Apply 21st-century teaching now or risk an under-skilled workforce

29 Jan 2009

Technology failures in our schools could hurt Ireland’s economy in the future.

It may seem politically impolite – or incorrect – at a time of global recession to be telling a government where its investment priorities lie.

But as we navigate our way through choppy economic waters, wise minds ought to concentrate on the future, and, in particular, fielding a workforce capable of building a strong economy.

If all we have to show for a decade of unparalleled economic growth is an over-supply of housing estates and fields of unsold SUVs, then the embarrassing deficiency of computers in Irish schools needs to be addressed as a priority.

In the US, entire classrooms collaborate on Google Docs and compile projects via video on YouTube, all while being encouraged by teachers as technologically literate as the students themselves.

Yet in the Republic of Ireland, a €252m investment in computer infrastructure that was announced last year has sadly yet to materialise.

The average computer in Irish schools has been donated through schemes such as that run by Tesco or by the enterprising efforts of parents.

It is a telling sign that in many schools where there are IT networks, these are crumbling affairs. Many computers are still running on ancient Windows 95 software, enthusiastic teachers rely on free internet software to assist lessons, and, in most cases, students are more IT literate than their teachers.

While 95pc of schools claim to have broadband, this was only made possible by a €17m industry investment three years ago, and even this requires an urgent refresh.

Seaghan Moriarty is an ex-teacher who works as IT adviser to the Irish Primary Principals Network (IPPN). He warns that what’s missing right now is any form of policy for computers in Irish schools.

“The whole focus on IT in education needs to change. We need to acknowledge the difference between schools being the source of information and schools being the facilitators of knowledge and understanding. This is happening everywhere in the world, except Ireland.
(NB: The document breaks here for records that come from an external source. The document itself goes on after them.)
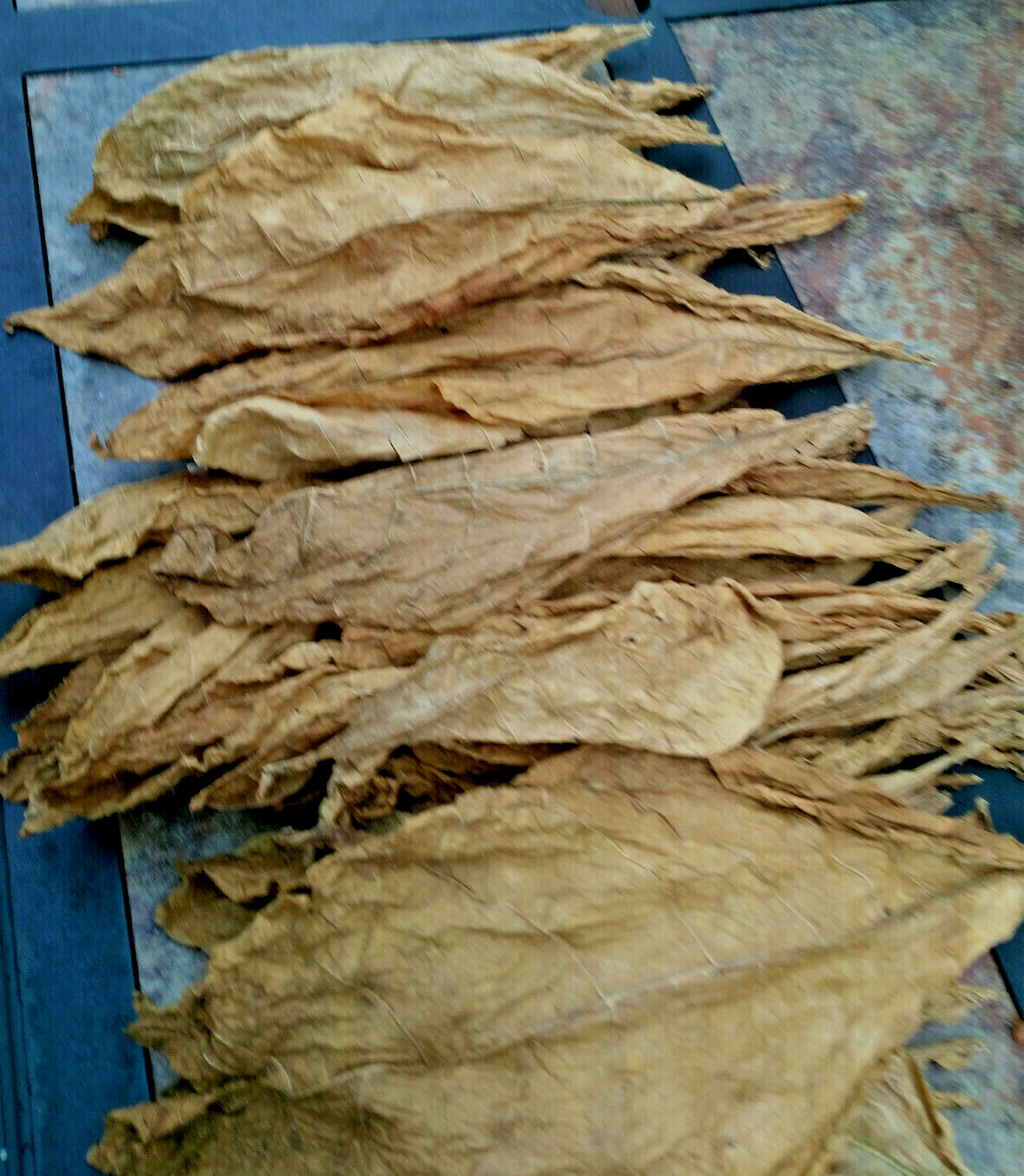 500+ MACEDONIAN PRILEP TOBACCO SEEDS VERY RARE ORIENTAL AROMATIC 2025 CROP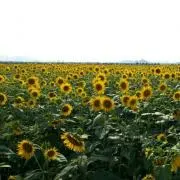 断捨離中✳︎の画像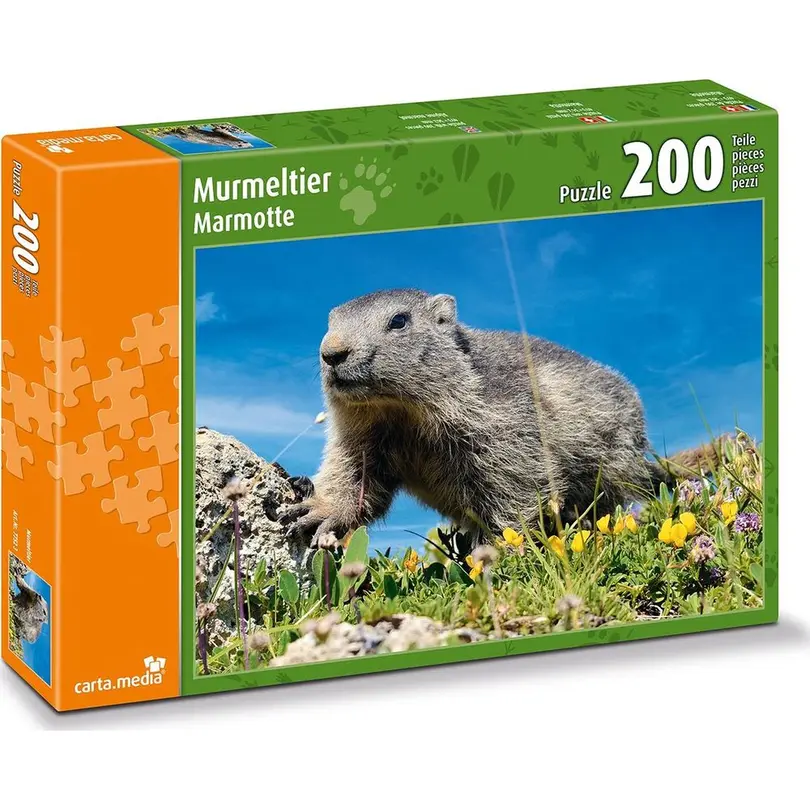 Puzzle 200-teilig Carta.media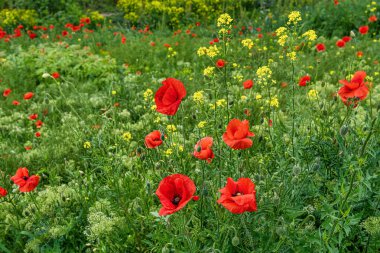 Çayırlarda açan vahşi kırmızı gelincikler..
“The interaction between any typical class today is centred around the teacher. But if you compare that with how a 21st-century workforce functions and operates – around problem-solvers and knowledge assimilators – that needs to change.

“Anyone can do a Google search for information, but that’s not where the value is. The value is in interpreting the information and turning it into knowledge. Our education system is still based on regurgitating information from a book. We’re not equipping our students – our future workers and graduates – for the challenges of this century.”

According to Moriarty, Ireland got off on the right track around 2000 with an ambitious ICT programme that teachers embraced with enthusiasm. However, the Government shelved the investment and many of those teachers were turned into pseudo-IT managers responsible for a crumbling infrastructure.

“To say that those teachers today are disillusioned and demoralised about ICT is an understatement,” Moriarty observes.

He says that while the Department of Education pays for school buildings and teachers’ wages, by and large it is parents who are paying for the IT running costs of our schools.

“There is a notable shortage of interactive whiteboards – which are de facto in most OECD countries – and the ones that exist are in advantaged areas or fee-paying schools. Most parents raise the funding themselves.

“Our educators need to realise that students today absorb information through colour and sound. Instead, a lot of computers in Irish schools are virus- and spam-ridden. Teachers are educators, not technicians.”

According to Greg Tierney of technology distribution firm Steljes, in the UK alone over 250,000 whiteboards have been installed in 95pc of schools. “What I can see in Ireland is that the internet hasn’t permeated everyday learning in our schools. It’s not ubiquitous.

“We’ve managed to get the internet pipe to the front door of schools, but it hasn’t reached the classroom. As a teaching tool, interactive whiteboards are powerful. They are touch sensitive and bring rich content to the class to reinforce learning.

“Children today are digital natives. If you ask any educator, they would say kids today are growing up in a multi-sensory environment. Their attention is not held in the same way; they are used to mobile phones, Bebo and YouTube.”

In recent weeks, Cisco, Intel and Microsoft – each of which has major investments in Ireland – banded together to develop new assessment approaches, methods and technologies for measuring the success of 21st-century teaching and learning in classrooms around the world.

“Change on a global scale is required to equip students of today with the skills they need to succeed in the workforce of tomorrow,” said Barry McGaw, who was appointed to spearhead the global initiative with the OECD.

The question is, will Ireland be ready?